Some Q7s have suffered from coolant leaks. Audi is fully aware of the problem, and it takes a day or so to have it fixed at a dealership.
Audi cabins are full of premium materials and have a user-friendly design, and the Q7 is no different with its touch-sensitive switchgear, alloy details and standard leather trim.
There’s no shortage of space for five, but the third row is cramped for adults; things are helped by a sliding middle row.
Boot space is excellent at 770 litres with two rows of seats in use, which expands to 1,955 litres with the middle row flat (705/1,890 for the SQ7, 605/1,835 for the e-tron).
The 12.3-inch Virtual Cockpit is a great feature and you should look for cars with the Comfort and Sound pack, which includes a Bang & Olufsen speaker system.
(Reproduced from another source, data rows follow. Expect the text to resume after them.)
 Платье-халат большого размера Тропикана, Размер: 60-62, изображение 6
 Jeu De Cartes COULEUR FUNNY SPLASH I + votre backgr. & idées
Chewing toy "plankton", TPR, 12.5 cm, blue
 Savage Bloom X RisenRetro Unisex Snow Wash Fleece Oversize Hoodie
Check out the latest Audi Q7 prices n our sister site BuyaCar or use our free valuation tool to value a specific model.
As with most Volkswagen Group products, Q7 owners can choose fixed or variable servicing schedules. Go for the former and checks are every 9,000 miles or 12 months for an oil change, while the major service is due every other year; the two services cost £240 and £425 respectively.
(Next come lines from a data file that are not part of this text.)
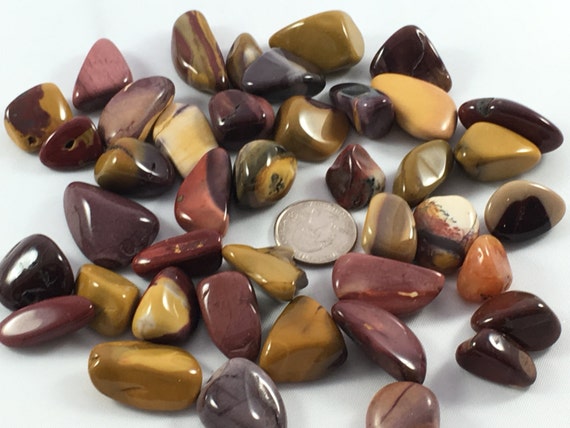 Beautiful Tumbled MOOKITE JASPER Healing Gemstone// Tumbled Jasper// Tumbled Stones// Polished Jasper// Healing Crystals// Healing Tools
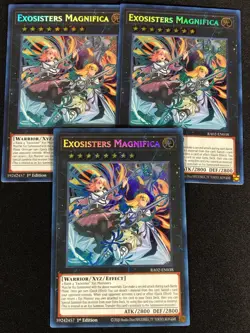 Yugioh Exosisters Magnifica RA02-EN038 1ST SECRET x3 (NM) - Image 1
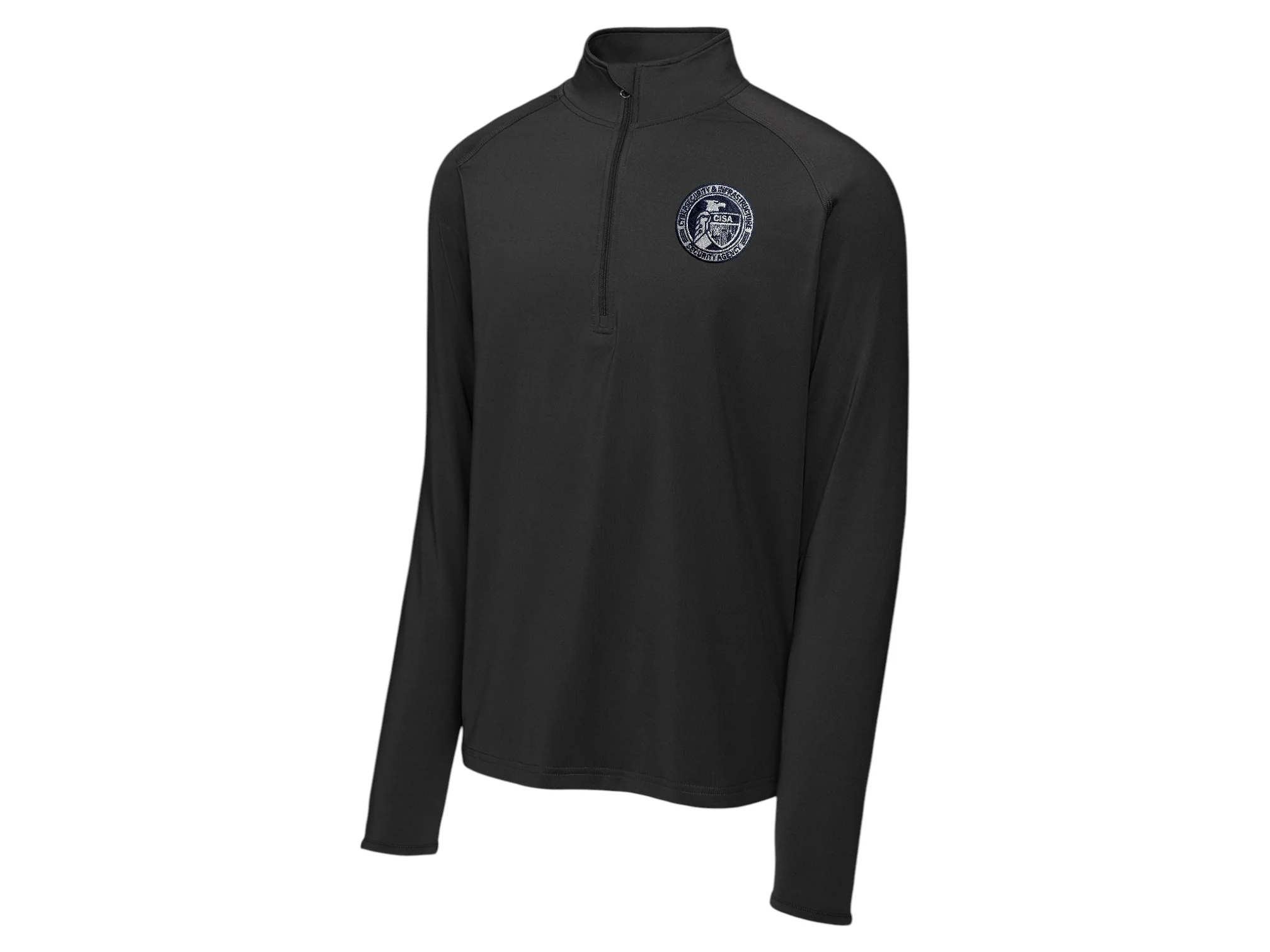 MEN'S CISA SEAL SPORT TEK SPORT WICK STRETCH 1/2 ZIP PULLOVER-ST850 - Image 6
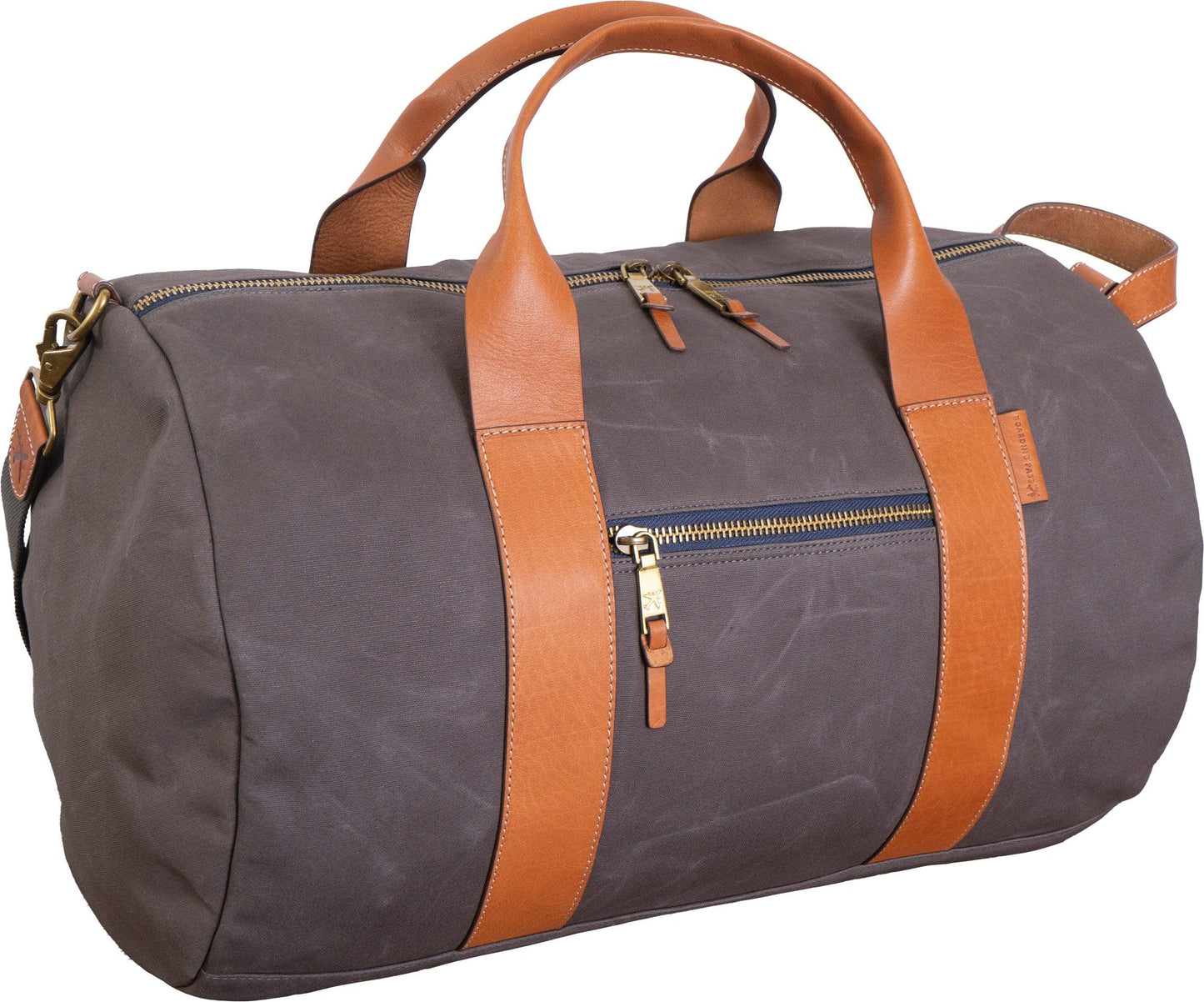 Boarding Pass The Voyager 21" Waxed Canvas Duffel - Grey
Anybody choosing the variable regime can go for 18,600 miles or two years between visits, but it’ll be a major service each time, at £425. On top of this the brake fluid needs to be replaced every two years (at £70), but because the Q7’s engines are chain-driven there are no cambelts to renew. There’s no set interval for the coolant to be replaced, but it’s recommended that the air-conditioning is serviced every couple of years at £149 each time.
The Audi Q7 Mk2 has been recalled seven times so far, the first time being in September 2016 because of unsafe third-row seats that could deform in the event of a collision. The next campaign came in February 2019, and this was because of poorly manufactured suspension castings, while an overheating rear-view mirror led to the third campaign, which took place in November 2019.
Faulty curtain airbags led to another recall being issued, this time in February 2020; just a month later more Q7s were recalled because of faulty steering racks. Audi recalled 130 Q7s in March 2020 because of faulty head restraints, then only a month later the most recent recall was issued; this time the issue was because of incorrect welding, which could lead to transmission oil leaks in a worst-case scenario.
Driver Power owner satisfaction
The Q7 doesn’t sell in big enough quantities to make it into our new or used Driver Power surveys. Audi is represented in the Brands survey each year, however, and in 2020 it came 21st out of 30; the previous year it came 16th. Audi’s only top 10 score is for the quality of its infotainment systems, while owners also like the ergonomics and cabin quality, but not the driving experience, reliability or maintenance costs.
Whether or not it’s right for you, the Q7 is a deeply impressive car. Audi has created a generously proportioned seven-seat SUV that’s good to drive, with excellent performance and reasonable economy, an inviting cabin and impressive quality. Auto Express ran an SQ7 TDI in 2017, and when we handed it back after seven months we reckoned that it was “a bit clinical in execution and a car to admire rather than love”. As with most Audis, the Q7 is desirable in standard form, but those with deeper pockets can spend plenty on premium extras such as upgraded trim, infotainment, wheels, special paint finishes, chassis upgrades and a panoramic sunroof. As a result it’s key that before you buy any Q7 you know exactly what you’re getting for your money.